The personal statement is somewhat misleadingly named. This is a completely different document from a college application personal statement. It’s not a statement about your personal life, rather a statement about you as a researcher - your intellectual development to your interests today, and what you’d like to explore in grad school. It is a pitch for yourself that is simultaneously backward-looking (how you got to where you are today), in the present (where you are now, what you’re interested in now), and a projection of yourself into the future (what would you like to study, where/who would you like to work with).

The personal statement is a difficult piece of writing that may be unlike any other kind of writing you’ve done before. It will take a lot of time to think through, a lot of time to write, a lot of time to revise, and a lot of time to tailor to each program you’re applying to.

The earlier you start on this, the better! The summer before you apply is a great time to start working on this statement.

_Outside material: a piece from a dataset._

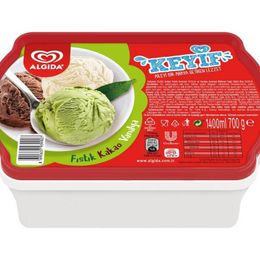 Algida Keyif 1400 ml Antep Vanilya Kakao Dondurma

For example, starting to work on a statement in July for an application deadline of that same fall (November/December), for admission the following fall.

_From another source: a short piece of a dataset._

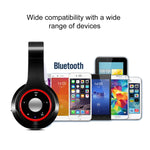 หูฟัง Bluetooth 4.0 + EDR SG-8 แบบครอบหูไร้สาย พร้อมช่องใส่การ์ด TF, วิทยุ FM, สเตอริโอ พร้อมไมโครโฟน
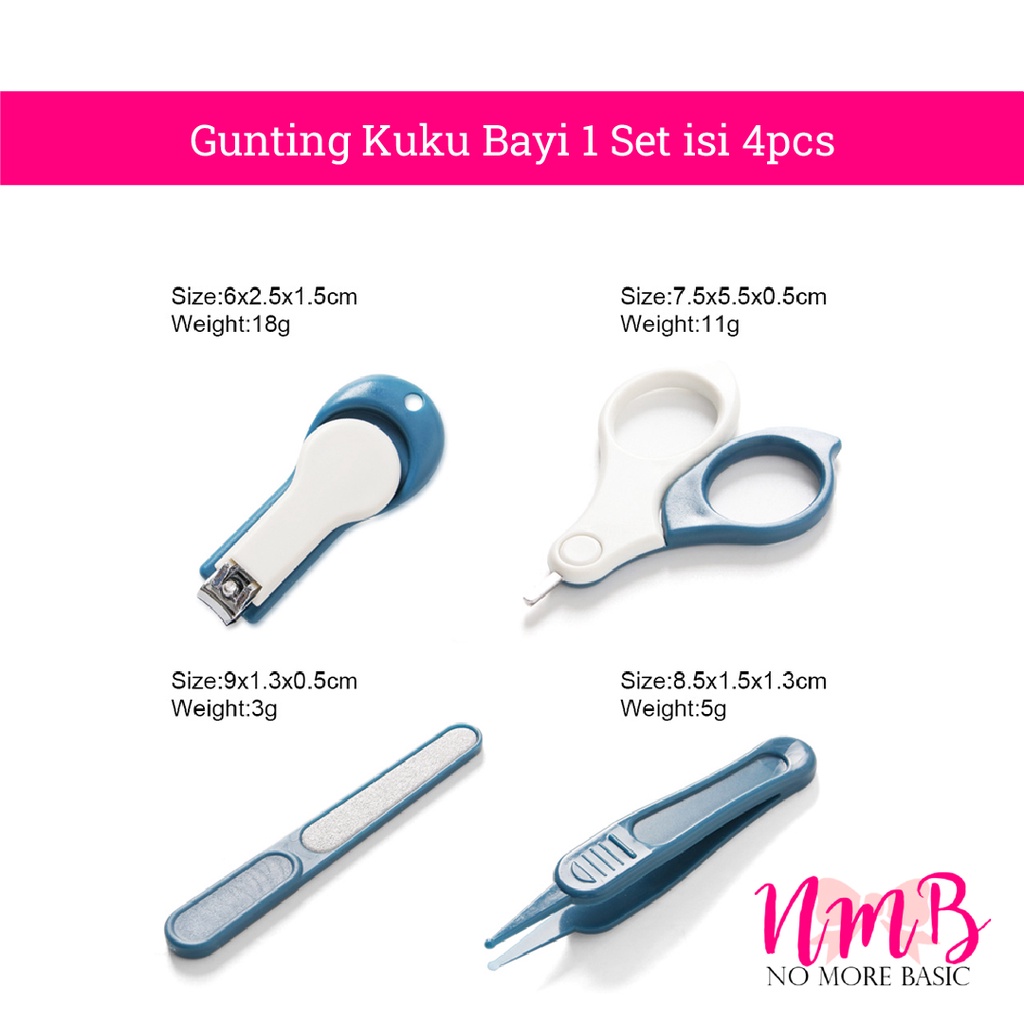 Gunting Kuku Bayi 1 Set isi 4pcs / Set Alat Perawatan Manicure Bayi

Length restrictions vary across programs, so check what programs you’re applying to for the length requirement (may vary from 2 pages single-spaced to 500 words!), and if they require any other statements, e.g., a diversity/personal history statement. Personal statement prompts differ across programs, but are generally relatively vague - readers typically don’t read the statement with regard to the exact prompt, and are typically expecting the info below.

Know your audience

For each program, you’ll have several readers you’ll want to target: your primary faculty of interest, probably a few other faculty in that area of the department, and perhaps some senior graduate students.

Your readers are experts who know the field and the topic. Describe your interests using the terminology and framing a scientist in the field would, to demonstrate that you know your stuff. Drop the names of people who you worked with who they might know, to help them situate you in their mental social network. And if you’d like to work with them, name them in your last paragraph!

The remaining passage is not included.